Consequently, in some embodiments, as the maximum ATC power
increases, the carrier frequency that the ATC uses to establish
and/or maintain the communications link decreases. FIG. 8
illustrates an embodiment of a piecewise continuous monotonically
decreasing (stair-case) function. Other monotonic functions may be
used, including linear and/or nonlinear, constant and/or variable
decreases. FACCH or Slow Associated Control CHannel (SACCH)
messaging may be used in embodiments of the invention to facilitate
the mapping adaptively and in substantially real time.
FIG. 9 depicts an ideal cell according to embodiments of the
invention, where, for illustration purposes, three power regions
and three associated carrier frequencies (or carrier frequency
sets) are being used to partition a cell. For simplicity, one ATC
transmitter at the center of the idealized cell is assumed with no
sectorization. In embodiments of FIG. 9, the frequency (or
frequency set) f.sub.I is taken from substantially the upper-most
portion of the L-band forward link frequency set, for example from
substantially close to 1559 MHz (see FIG. 3). Correspondingly, the
frequency (or frequency set) f.sub.M is taken from substantially
the central portion of the L-band forward link frequency set (see
FIG. 3). In concert with the above, the frequency (or frequency
set) F.sub.O is taken from substantially the lowest portion of the
L-band forward link frequencies, for example close to 1525 MHz (see
FIG. 3).
Thus, according to embodiments of FIG. 9, if a radiotelephone is
being served within the outer-most ring of the cell, that
radiotelephone is being served via frequency f.sub.O. This
radiotelephone, being within the furthest area from the ATC, has
(presumably) requested maximum (or near maximum) power output from
the ATC. In response to the maximum (or near maximum) output power
request, the ATC uses its a priori knowledge of power-to-frequency
mapping, such as a three-step staircase function of FIG. 9. Thus,
the ATC serves the radiotelephone with a low-value frequency taken
from the lowest portion of the mobile L-band forward link frequency
set, for example, from as close to 1525 MHz as possible. This,
then, can provide additional safeguard to any GPS receiver unit
that may be in the vicinity of the ATC.
Embodiments of FIG. 9 may be regarded as idealized because they
associate concentric ring areas with carrier frequencies (or
carrier frequency sets) used by an ATC to serve its area. In
reality, concentric ring areas generally will not be the case. For
example, a radiotelephone can be close to the ATC that is serving
it, but with significant blockage between the radiotelephone and
the ATC due to a building. This radiotelephone, even though
relatively close to the ATC, may also request maximum (or near
maximum) output power from the ATC. With this in mind, FIG. 10 may
depict a more realistic set of area contours that may be associated
with the frequencies being used by the ATC to serve its territory,
according to embodiments of the invention. The frequency (or
frequency set) f.sub.I may be reused in the immediately adjacent
ATC cells owing to the limited geographical span associated with
f.sub.I relative to the distance between cell centers. This may
also hold for f.sub.M.
Referring now to FIG. 11, other modified second ranges of satellite
band forward link frequencies that can be used by ATCs according to
embodiments of the present invention now will be described.

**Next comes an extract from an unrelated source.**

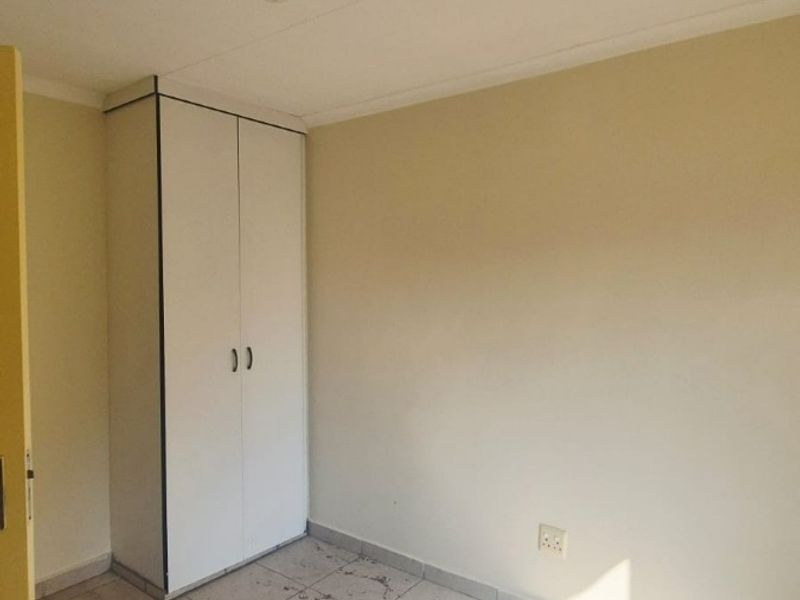 Apartment To Rent in Rustenburg, North West - Photo 8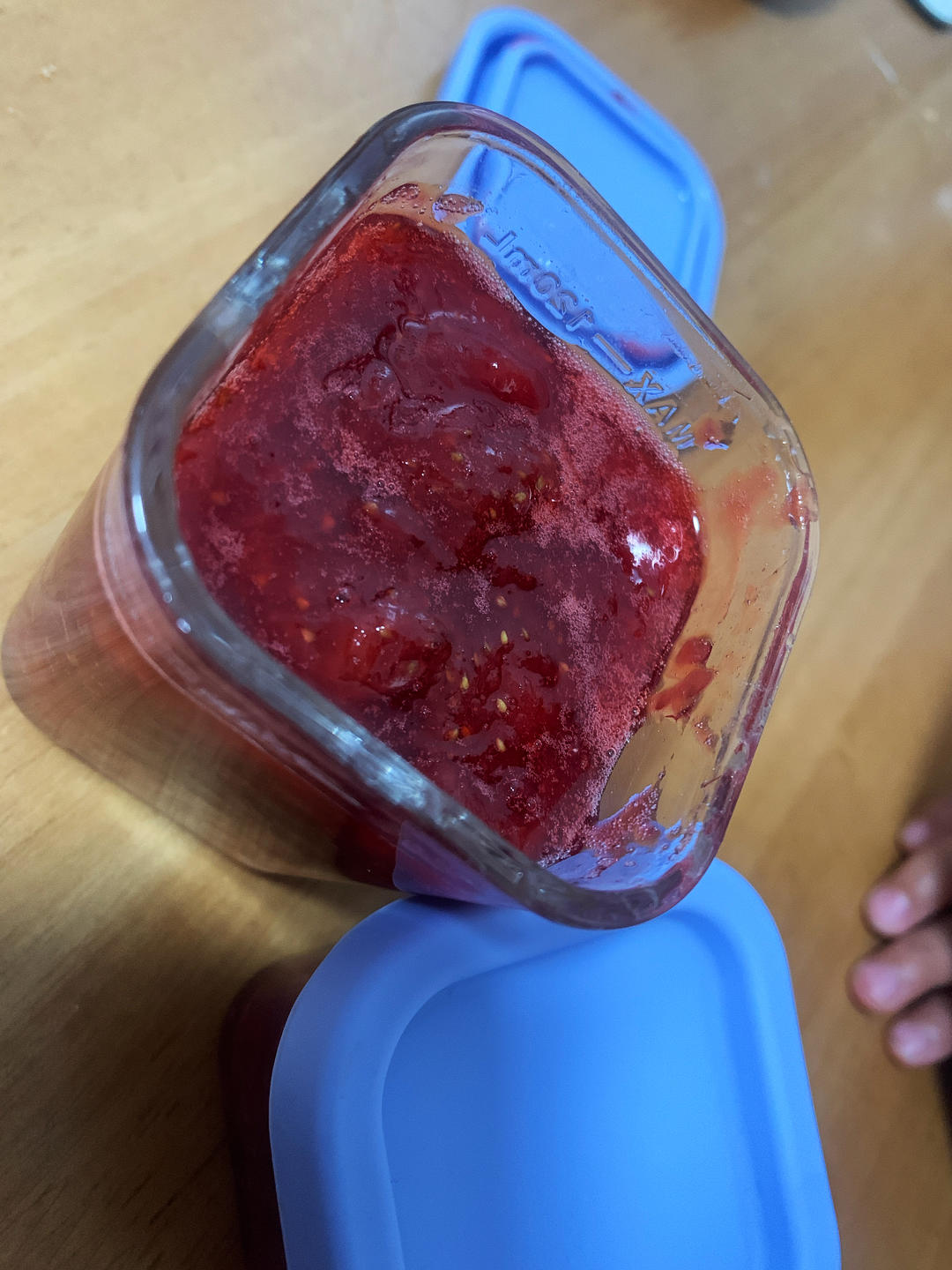 微波炉草莓果酱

In
these embodiments, at least one frequency in the modified second
range of satellite band forward link frequencies that is
transmitted by the ATC to the radiotelephones comprises a frame
including a plurality of slots. In these embodiments, at least two
contiguous slots in the frame that is transmitted by the ATC to the
radiotelephones are left unoccupied. In other embodiments, three
contiguous slots in the frame that is transmitted by the ATC to the
radiotelephones are left unoccupied. In yet other embodiments, at
least two contiguous slots in the frame that is transmitted by the
ATC to the radiotelephones are transmitted at lower power than
remaining slots in the frame. In still other embodiments, three
contiguous slots in the frame that is transmitted by the ATC to the
radiotelephones are transmitted at lower power than remaining slots
in the frame. In yet other embodiments, the lower power slots may
be used with first selected ones of the radiotelephones that are
relatively close to the ATC and/or are experiencing relatively
small signal blockage, and the remaining slots are transmitted at
higher power to second selected ones of the radiotelephones that
are relatively far from the ATC and/or are experiencing relatively
high signal blockage.
Stated differently, in accordance with some embodiments of the
invention, only a portion of the TDMA frame is utilized. For
example, only the first four (or last four, or any contiguous four)
time slots of a full-rate GSM frame are used to support traffic.
The remaining slots are left unoccupied (empty). In these
embodiments, capacity may be lost. However, as has been described
previously, for voice services, half-rate and even quarter-rate GSM
may be invoked to gain capacity back, with some potential
degradation in voice quality. The slots that are not utilized
preferably are contiguous, such as slots 0 through 3 or 4 through 7
(or 2 through 5, etc.). The use of non-contiguous slots such as 0,
2, 4, and 6, for example, may be less desirable. FIG. 11
illustrates four slots (4-7) being used and four contiguous slots
(0-3) being empty in a GSM frame.
It has been found experimentally, according to these embodiments of
the invention, that GPS receivers can perform significantly better
when the interval between interference bursts is increased or
maximized. Without being bound by any theory of operation, this
effect may be due to the relationship between the code repetition
period of the GPS C/A code (1 msec.) and the GSM burst duration
(about 0.577 msec.). With a GSM frame occupancy comprising
alternate slots, each GPS signal code period can experience at
least one "hit", whereas a GSM frame occupancy comprising four to
five contiguous slots allows the GPS receiver to derive sufficient
clean information so as to "flywheel" through the error events.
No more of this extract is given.